Duluth, Minnesota (OpEdNews) April 25, 2025: I wrote my 667th OEN article titled "Pope Francis (1936-2026): In Memoriam" (dated April 22, 2025):
Then, I read Princeton's Spencer Strub's book review of the extraordinary 650-page book by Diarmaid MacCulloch titled Lower Than the Angels: A History of Sex and Christianity (Viking, 2024).
Princeton's Spencer Strub's lengthy book review is titled "2,000 Years Later, Christians Are Still Worrying About Sex: In Lower Than the Angels, the historian Diarmaid MacCulloch traces two millenniums of libidinal frustration" in The New York Times Book Review (dated April 14, 2025; updated April 17, 2025):
Princeton's Spencer Strub's review is about Oxford's Diarmaid MacCullloch's 2024 650-page book Lower Than the Angels: A History of Sex and Christianity (Viking).
Diarmaid MacCulloch is professor emeritus of the history of the church at the University of Oxford. He is also the author of Christianity: The First Three Thousand Years (Viking, 2010).
Now, in many of my recent OEN articles, I have been writing about the liberation of endogamous kinship libido "married within" one's psyche to one's early childhood image of one's own mom - for instance, in my case, to my early childhood image of my own Mom.
My own Mom had big boobs with eye-catching big nipples (the one memorable time that I was lucky enough to see them when I was a teenager. When I was a teenager growing up in Kansas City, Kansas, my Mom's hometown, my Mom usually wore only her bra and panties around the house during the summer, where only family members saw her.
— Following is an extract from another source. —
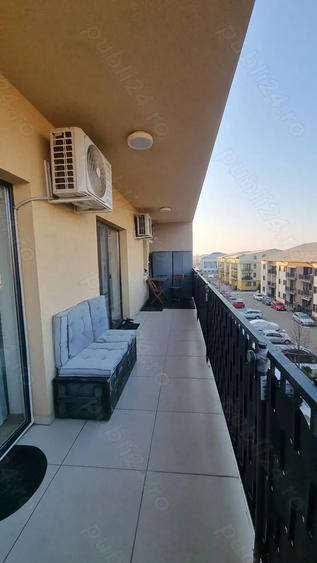 Proprietar Apartament de inchiriat cu 3 camere Zona Soarelui Braytim Lift - 1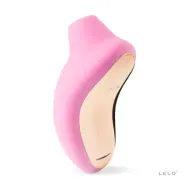 Lelo Sona Sonic Cruise - Pink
As a result, as a teenage boy who had experienced puberty, I clearly had the contour of my Mom's big boobs deeply impressed in my living memory of her - which is probably why I like exhibitionistic girls and women with big boobs in porn videos that are available free on the internet.
However, as a teenager who had experienced puberty, I do not remember feeling sexually excited by my Mom's big boobs, even though I do definitely remember the one time that I was lucky enough to see them and her eye-catching big nipples.
But I do indeed remember that as a teenager, I definitely felt deeply sexually attracted to my Mom's best friend -- who did not have big boobs like my Mom's big boobs. For me as a teenage boy, she was a MILF.
In any event, I continued to feel deeply sexually attracted to my Mom's best friend who did not have big boobs for many, many years after I was no longer a teen. For many, many years, I enjoyed talking with my Mom's best friend who did not have big boobs. I found her engaging to talk with, and I was pleased by the interest she showed in me and by the interest she showed in talking with me over the years. For me as a young man and as a middle-aged man, she was a MILF.
However, I was always too bashful to tell my Mom's best friend who did not have big boobs directly that I felt sexually attracted to her. Nevertheless, I suspect that she was well aware that I felt deeply sexually attracted to her, and over the years, she talked engagingly with me as her way of showing me that she understood that I felt deeply sexually attracted to her.
Now, as a teenage boy who had experienced puberty, I also felt strongly sexually attracted to two moms of my paper route. I enjoyed visiting with each of those two moms on my paper route whenever I had to collect some money from them for their newspaper subscription. Yes, each of those two moms that I felt strongly sexually attracted to had children who were my age - children I knew. But I still felt strongly attracted to each of those two moms. For me as a teenage boy, each of them was a MILF.